[Web page caption snippets]
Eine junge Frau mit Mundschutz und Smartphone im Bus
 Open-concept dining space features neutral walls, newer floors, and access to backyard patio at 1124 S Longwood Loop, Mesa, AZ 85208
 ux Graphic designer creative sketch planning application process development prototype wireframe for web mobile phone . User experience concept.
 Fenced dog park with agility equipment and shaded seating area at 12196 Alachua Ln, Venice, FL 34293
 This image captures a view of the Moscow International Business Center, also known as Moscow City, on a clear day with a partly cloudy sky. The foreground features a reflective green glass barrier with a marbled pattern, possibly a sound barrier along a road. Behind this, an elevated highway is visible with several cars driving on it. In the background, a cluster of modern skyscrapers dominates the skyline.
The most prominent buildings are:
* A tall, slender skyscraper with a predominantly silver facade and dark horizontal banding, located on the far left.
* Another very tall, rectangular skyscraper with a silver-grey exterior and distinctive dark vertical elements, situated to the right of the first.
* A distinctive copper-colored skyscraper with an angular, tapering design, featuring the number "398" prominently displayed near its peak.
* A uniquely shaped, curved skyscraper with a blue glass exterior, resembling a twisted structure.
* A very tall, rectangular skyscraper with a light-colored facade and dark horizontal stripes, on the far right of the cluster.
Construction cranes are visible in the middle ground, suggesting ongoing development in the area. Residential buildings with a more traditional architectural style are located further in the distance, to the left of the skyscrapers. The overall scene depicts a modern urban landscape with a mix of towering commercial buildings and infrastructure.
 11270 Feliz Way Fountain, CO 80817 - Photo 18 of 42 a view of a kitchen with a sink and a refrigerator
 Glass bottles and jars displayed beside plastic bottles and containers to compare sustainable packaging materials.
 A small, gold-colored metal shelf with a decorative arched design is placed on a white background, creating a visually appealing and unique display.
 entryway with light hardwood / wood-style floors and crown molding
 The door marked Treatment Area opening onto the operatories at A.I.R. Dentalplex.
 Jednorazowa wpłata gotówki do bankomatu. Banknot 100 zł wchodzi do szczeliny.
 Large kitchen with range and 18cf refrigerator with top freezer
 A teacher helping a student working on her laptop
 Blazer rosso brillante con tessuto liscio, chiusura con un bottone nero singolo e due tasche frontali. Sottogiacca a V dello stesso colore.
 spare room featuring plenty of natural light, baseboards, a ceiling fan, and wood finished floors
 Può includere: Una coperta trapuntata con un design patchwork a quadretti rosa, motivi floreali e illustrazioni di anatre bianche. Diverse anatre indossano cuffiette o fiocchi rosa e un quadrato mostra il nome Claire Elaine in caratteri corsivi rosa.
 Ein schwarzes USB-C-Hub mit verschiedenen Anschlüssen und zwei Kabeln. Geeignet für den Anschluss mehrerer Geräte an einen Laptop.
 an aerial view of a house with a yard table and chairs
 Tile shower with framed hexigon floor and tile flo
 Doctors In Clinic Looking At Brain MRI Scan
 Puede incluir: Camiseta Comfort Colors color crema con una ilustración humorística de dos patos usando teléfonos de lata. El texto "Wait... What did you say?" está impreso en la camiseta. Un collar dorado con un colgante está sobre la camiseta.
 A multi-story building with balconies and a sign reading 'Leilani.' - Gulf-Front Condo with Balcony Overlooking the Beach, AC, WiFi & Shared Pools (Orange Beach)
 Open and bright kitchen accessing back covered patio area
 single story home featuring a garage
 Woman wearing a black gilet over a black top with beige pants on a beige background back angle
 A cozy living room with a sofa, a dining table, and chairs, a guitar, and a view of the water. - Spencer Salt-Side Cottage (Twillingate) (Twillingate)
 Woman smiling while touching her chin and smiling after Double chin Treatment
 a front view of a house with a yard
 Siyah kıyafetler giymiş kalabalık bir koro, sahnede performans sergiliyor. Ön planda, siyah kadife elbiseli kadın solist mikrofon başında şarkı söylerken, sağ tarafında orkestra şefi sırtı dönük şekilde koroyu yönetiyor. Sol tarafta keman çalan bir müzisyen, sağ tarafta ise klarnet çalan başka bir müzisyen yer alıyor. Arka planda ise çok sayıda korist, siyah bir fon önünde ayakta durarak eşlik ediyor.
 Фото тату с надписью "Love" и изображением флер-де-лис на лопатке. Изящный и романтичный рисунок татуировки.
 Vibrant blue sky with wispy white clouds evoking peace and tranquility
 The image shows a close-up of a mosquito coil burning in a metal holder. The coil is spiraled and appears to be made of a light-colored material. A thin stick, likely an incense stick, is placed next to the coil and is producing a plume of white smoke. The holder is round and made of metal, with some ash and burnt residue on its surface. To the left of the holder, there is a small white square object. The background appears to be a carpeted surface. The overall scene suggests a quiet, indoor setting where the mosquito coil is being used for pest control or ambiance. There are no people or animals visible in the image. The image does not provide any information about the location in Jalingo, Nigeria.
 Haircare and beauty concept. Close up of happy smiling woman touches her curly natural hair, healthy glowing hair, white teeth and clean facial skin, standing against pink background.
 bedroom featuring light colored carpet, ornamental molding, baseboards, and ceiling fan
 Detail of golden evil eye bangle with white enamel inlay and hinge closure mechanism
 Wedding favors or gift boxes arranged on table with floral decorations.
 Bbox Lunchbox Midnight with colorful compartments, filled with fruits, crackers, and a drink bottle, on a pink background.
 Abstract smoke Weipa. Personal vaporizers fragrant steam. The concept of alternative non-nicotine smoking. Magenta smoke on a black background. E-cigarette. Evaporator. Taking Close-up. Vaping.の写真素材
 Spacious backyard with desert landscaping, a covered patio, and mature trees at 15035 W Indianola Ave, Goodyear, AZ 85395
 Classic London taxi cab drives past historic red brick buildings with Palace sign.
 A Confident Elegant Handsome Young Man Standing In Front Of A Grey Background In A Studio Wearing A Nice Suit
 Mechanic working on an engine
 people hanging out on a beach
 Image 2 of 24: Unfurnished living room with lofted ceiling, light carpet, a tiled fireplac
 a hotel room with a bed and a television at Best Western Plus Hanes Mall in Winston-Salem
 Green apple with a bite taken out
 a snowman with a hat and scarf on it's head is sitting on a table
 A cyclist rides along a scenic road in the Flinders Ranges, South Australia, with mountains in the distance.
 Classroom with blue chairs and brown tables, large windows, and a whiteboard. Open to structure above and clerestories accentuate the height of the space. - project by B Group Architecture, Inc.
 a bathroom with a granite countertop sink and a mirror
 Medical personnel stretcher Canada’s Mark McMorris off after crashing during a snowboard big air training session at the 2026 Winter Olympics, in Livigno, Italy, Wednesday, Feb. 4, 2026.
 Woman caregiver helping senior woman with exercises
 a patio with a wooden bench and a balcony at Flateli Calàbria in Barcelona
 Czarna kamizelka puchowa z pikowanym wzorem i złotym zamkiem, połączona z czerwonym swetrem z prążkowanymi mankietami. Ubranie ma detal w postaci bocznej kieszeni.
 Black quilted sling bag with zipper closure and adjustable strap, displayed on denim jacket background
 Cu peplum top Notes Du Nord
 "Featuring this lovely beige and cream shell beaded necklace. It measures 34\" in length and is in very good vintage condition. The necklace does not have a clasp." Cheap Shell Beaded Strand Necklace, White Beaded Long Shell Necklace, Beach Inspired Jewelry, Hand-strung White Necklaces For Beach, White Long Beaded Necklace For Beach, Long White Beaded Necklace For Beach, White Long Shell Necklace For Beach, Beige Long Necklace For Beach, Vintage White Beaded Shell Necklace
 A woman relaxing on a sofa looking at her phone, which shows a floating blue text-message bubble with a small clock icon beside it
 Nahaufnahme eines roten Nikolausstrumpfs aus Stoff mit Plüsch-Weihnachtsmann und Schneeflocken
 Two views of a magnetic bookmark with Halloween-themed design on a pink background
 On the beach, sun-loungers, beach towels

EXERCISE DETAILS: Reproduce the entries above exactly.

OUTPUT FOR THIS EXERCISE:
Eine junge Frau mit Mundschutz und Smartphone im Bus
 Open-concept dining space features neutral walls, newer floors, and access to backyard patio at 1124 S Longwood Loop, Mesa, AZ 85208
 ux Graphic designer creative sketch planning application process development prototype wireframe for web mobile phone . User experience concept.
 Fenced dog park with agility equipment and shaded seating area at 12196 Alachua Ln, Venice, FL 34293
 This image captures a view of the Moscow International Business Center, also known as Moscow City, on a clear day with a partly cloudy sky. The foreground features a reflective green glass barrier with a marbled pattern, possibly a sound barrier along a road. Behind this, an elevated highway is visible with several cars driving on it. In the background, a cluster of modern skyscrapers dominates the skyline.
The most prominent buildings are:
* A tall, slender skyscraper with a predominantly silver facade and dark horizontal banding, located on the far left.
* Another very tall, rectangular skyscraper with a silver-grey exterior and distinctive dark vertical elements, situated to the right of the first.
* A distinctive copper-colored skyscraper with an angular, tapering design, featuring the number "398" prominently displayed near its peak.
* A uniquely shaped, curved skyscraper with a blue glass exterior, resembling a twisted structure.
* A very tall, rectangular skyscraper with a light-colored facade and dark horizontal stripes, on the far right of the cluster.
Construction cranes are visible in the middle ground, suggesting ongoing development in the area. Residential buildings with a more traditional architectural style are located further in the distance, to the left of the skyscrapers. The overall scene depicts a modern urban landscape with a mix of towering commercial buildings and infrastructure.
 11270 Feliz Way Fountain, CO 80817 - Photo 18 of 42 a view of a kitchen with a sink and a refrigerator
 Glass bottles and jars displayed beside plastic bottles and containers to compare sustainable packaging materials.
 A small, gold-colored metal shelf with a decorative arched design is placed on a white background, creating a visually appealing and unique display.
 entryway with light hardwood / wood-style floors and crown molding
 The door marked Treatment Area opening onto the operatories at A.I.R. Dentalplex.
 Jednorazowa wpłata gotówki do bankomatu. Banknot 100 zł wchodzi do szczeliny.
 Large kitchen with range and 18cf refrigerator with top freezer
 A teacher helping a student working on her laptop
 Blazer rosso brillante con tessuto liscio, chiusura con un bottone nero singolo e due tasche frontali. Sottogiacca a V dello stesso colore.
 spare room featuring plenty of natural light, baseboards, a ceiling fan, and wood finished floors
 Può includere: Una coperta trapuntata con un design patchwork a quadretti rosa, motivi floreali e illustrazioni di anatre bianche. Diverse anatre indossano cuffiette o fiocchi rosa e un quadrato mostra il nome Claire Elaine in caratteri corsivi rosa.
 Ein schwarzes USB-C-Hub mit verschiedenen Anschlüssen und zwei Kabeln. Geeignet für den Anschluss mehrerer Geräte an einen Laptop.
 an aerial view of a house with a yard table and chairs
 Tile shower with framed hexigon floor and tile flo
 Doctors In Clinic Looking At Brain MRI Scan
 Puede incluir: Camiseta Comfort Colors color crema con una ilustración humorística de dos patos usando teléfonos de lata. El texto "Wait... What did you say?" está impreso en la camiseta. Un collar dorado con un colgante está sobre la camiseta.
 A multi-story building with balconies and a sign reading 'Leilani.' - Gulf-Front Condo with Balcony Overlooking the Beach, AC, WiFi & Shared Pools (Orange Beach)
 Open and bright kitchen accessing back covered patio area
 single story home featuring a garage
 Woman wearing a black gilet over a black top with beige pants on a beige background back angle
 A cozy living room with a sofa, a dining table, and chairs, a guitar, and a view of the water. - Spencer Salt-Side Cottage (Twillingate) (Twillingate)
 Woman smiling while touching her chin and smiling after Double chin Treatment
 a front view of a house with a yard
 Siyah kıyafetler giymiş kalabalık bir koro, sahnede performans sergiliyor. Ön planda, siyah kadife elbiseli kadın solist mikrofon başında şarkı söylerken, sağ tarafında orkestra şefi sırtı dönük şekilde koroyu yönetiyor. Sol tarafta keman çalan bir müzisyen, sağ tarafta ise klarnet çalan başka bir müzisyen yer alıyor. Arka planda ise çok sayıda korist, siyah bir fon önünde ayakta durarak eşlik ediyor.
 Фото тату с надписью "Love" и изображением флер-де-лис на лопатке. Изящный и романтичный рисунок татуировки.
 Vibrant blue sky with wispy white clouds evoking peace and tranquility
 The image shows a close-up of a mosquito coil burning in a metal holder. The coil is spiraled and appears to be made of a light-colored material. A thin stick, likely an incense stick, is placed next to the coil and is producing a plume of white smoke. The holder is round and made of metal, with some ash and burnt residue on its surface. To the left of the holder, there is a small white square object. The background appears to be a carpeted surface. The overall scene suggests a quiet, indoor setting where the mosquito coil is being used for pest control or ambiance. There are no people or animals visible in the image. The image does not provide any information about the location in Jalingo, Nigeria.
 Haircare and beauty concept. Close up of happy smiling woman touches her curly natural hair, healthy glowing hair, white teeth and clean facial skin, standing against pink background.
 bedroom featuring light colored carpet, ornamental molding, baseboards, and ceiling fan
 Detail of golden evil eye bangle with white enamel inlay and hinge closure mechanism
 Wedding favors or gift boxes arranged on table with floral decorations.
 Bbox Lunchbox Midnight with colorful compartments, filled with fruits, crackers, and a drink bottle, on a pink background.
 Abstract smoke Weipa. Personal vaporizers fragrant steam. The concept of alternative non-nicotine smoking. Magenta smoke on a black background. E-cigarette. Evaporator. Taking Close-up. Vaping.の写真素材
 Spacious backyard with desert landscaping, a covered patio, and mature trees at 15035 W Indianola Ave, Goodyear, AZ 85395
 Classic London taxi cab drives past historic red brick buildings with Palace sign.
 A Confident Elegant Handsome Young Man Standing In Front Of A Grey Background In A Studio Wearing A Nice Suit
 Mechanic working on an engine
 people hanging out on a beach
 Image 2 of 24: Unfurnished living room with lofted ceiling, light carpet, a tiled fireplac
 a hotel room with a bed and a television at Best Western Plus Hanes Mall in Winston-Salem
 Green apple with a bite taken out
 a snowman with a hat and scarf on it's head is sitting on a table
 A cyclist rides along a scenic road in the Flinders Ranges, South Australia, with mountains in the distance.
 Classroom with blue chairs and brown tables, large windows, and a whiteboard. Open to structure above and clerestories accentuate the height of the space. - project by B Group Architecture, Inc.
 a bathroom with a granite countertop sink and a mirror
 Medical personnel stretcher Canada’s Mark McMorris off after crashing during a snowboard big air training session at the 2026 Winter Olympics, in Livigno, Italy, Wednesday, Feb. 4, 2026.
 Woman caregiver helping senior woman with exercises
 a patio with a wooden bench and a balcony at Flateli Calàbria in Barcelona
 Czarna kamizelka puchowa z pikowanym wzorem i złotym zamkiem, połączona z czerwonym swetrem z prążkowanymi mankietami. Ubranie ma detal w postaci bocznej kieszeni.
 Black quilted sling bag with zipper closure and adjustable strap, displayed on denim jacket background
 Cu peplum top Notes Du Nord
 "Featuring this lovely beige and cream shell beaded necklace. It measures 34\" in length and is in very good vintage condition. The necklace does not have a clasp." Cheap Shell Beaded Strand Necklace, White Beaded Long Shell Necklace, Beach Inspired Jewelry, Hand-strung White Necklaces For Beach, White Long Beaded Necklace For Beach, Long White Beaded Necklace For Beach, White Long Shell Necklace For Beach, Beige Long Necklace For Beach, Vintage White Beaded Shell Necklace
 A woman relaxing on a sofa looking at her phone, which shows a floating blue text-message bubble with a small clock icon beside it
 Nahaufnahme eines roten Nikolausstrumpfs aus Stoff mit Plüsch-Weihnachtsmann und Schneeflocken
 Two views of a magnetic bookmark with Halloween-themed design on a pink background
 On the beach, sun-loungers, beach towels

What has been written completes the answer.